Why do we need the "crossorigin" attribute when preloading font files?


To correctly preload font files, we're told we always need the crossorigin attribute applied to our <link rel="preload" /> tags, e.g:

<link rel="preload" href="fonts/comicsans.woff2" as="font" type="font/woff2" crossorigin>

Can anybody give me the true reason for this? All I can find are links in MDN that just dictate this requirement, without going into any detail as to why:

https://developer.mozilla.org/en-US/docs/Web/HTML/Link_types/preload#cors-enabled_fetches

When preloading resources that are fetched with CORS enabled (e.g. fetch(), XMLHttpRequest or fonts), special care needs to be taken to setting the crossorigin attribute on your element. The attribute needs to be set to match the resource's CORS and credentials mode, even when the fetch is not cross-origin.

As mentioned above, one interesting case where this applies is font files. Because of various reasons, these have to be fetched using anonymous-mode CORS (see Font fetching requirements).

It seems counterintuitive to my understanding of CORS, and why it's necessary. I'm sure there's a good reason for this, I just can't find it.

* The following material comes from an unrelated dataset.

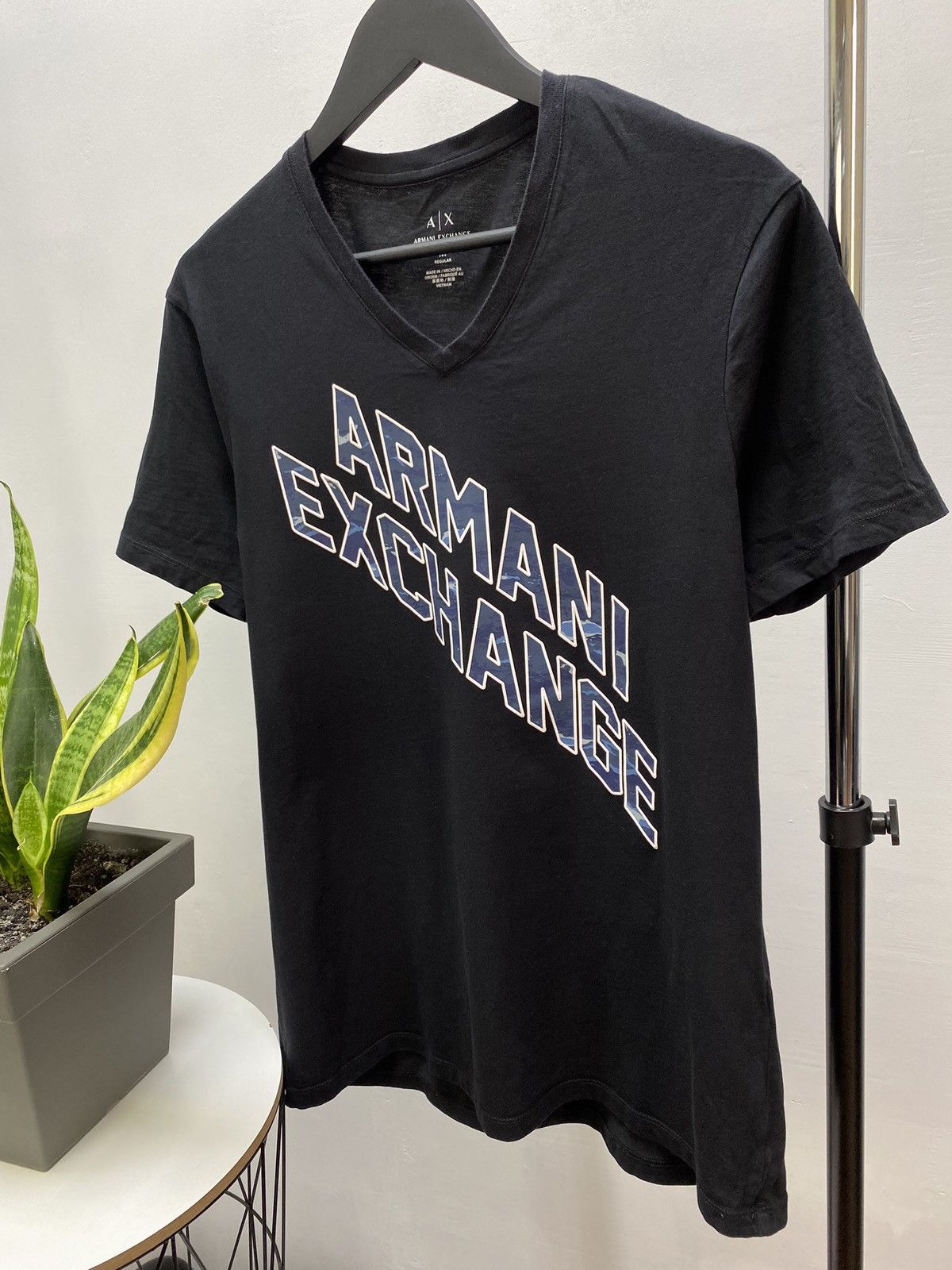 Giorgio Armani Armani Exchange Big Logo V Neck T Shirt Size US M / EU 48-50 / 2 - 2 Thumbnail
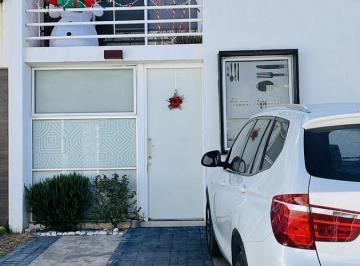 Casa · 87m² · 3 Recámaras · 2 Estacionamientos · Casa en Venta La en La Aurora II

Before anybody just links to the same docs I'm talking about, see below:

https://drafts.csswg.org/css-fonts/#font-fetching-requirements

I'd really like an in depth answer from somebody who really knows why this is a requirement, and what it's purpose is, with some evidence (docs, etc) to back it up.


Solution

  • The HTML attribute crossorigin defines how to handle crossorigin requests. Setting the crossorigin attribute (equivalent to crossorigin="anonymous") will switch the request to a CORS request using the same-origin policy. It is required on the rel="preload" as font requests require same-origin policy.

    The same-origin policy is required on almost all new resource types, such as fetch(), <script type="module"> or fonts. It doesn't apply to legacy resource types (images, scripts, css, video, audio) because of backwards-compatibility issues. <link rel="preload"> is a special case because it is a modern feature which needs to support legacy resource types, such as preloading an image.

    the ideal is, from now on, you always SOR by default when you introduce a new type of linking. It's just the right thing to do, because it lets us avoid having to care about a whole annoying class of security issues. Source

    This requirement was then added to the W3C draft for CSS fonts.

    For font loads, user agents must use the potentially CORS-enabled fetch method defined by the [FETCH] specification for URL's defined within @font-face rules. When fetching, user agents must use "Anonymous" mode, set the referrer source to the stylesheet's URL and set the origin to the URL of the containing document. Source

    I have also come across repeated comments that it was requested by the font foundries to prevent font piracy, but I cannot substantiate that with evidence.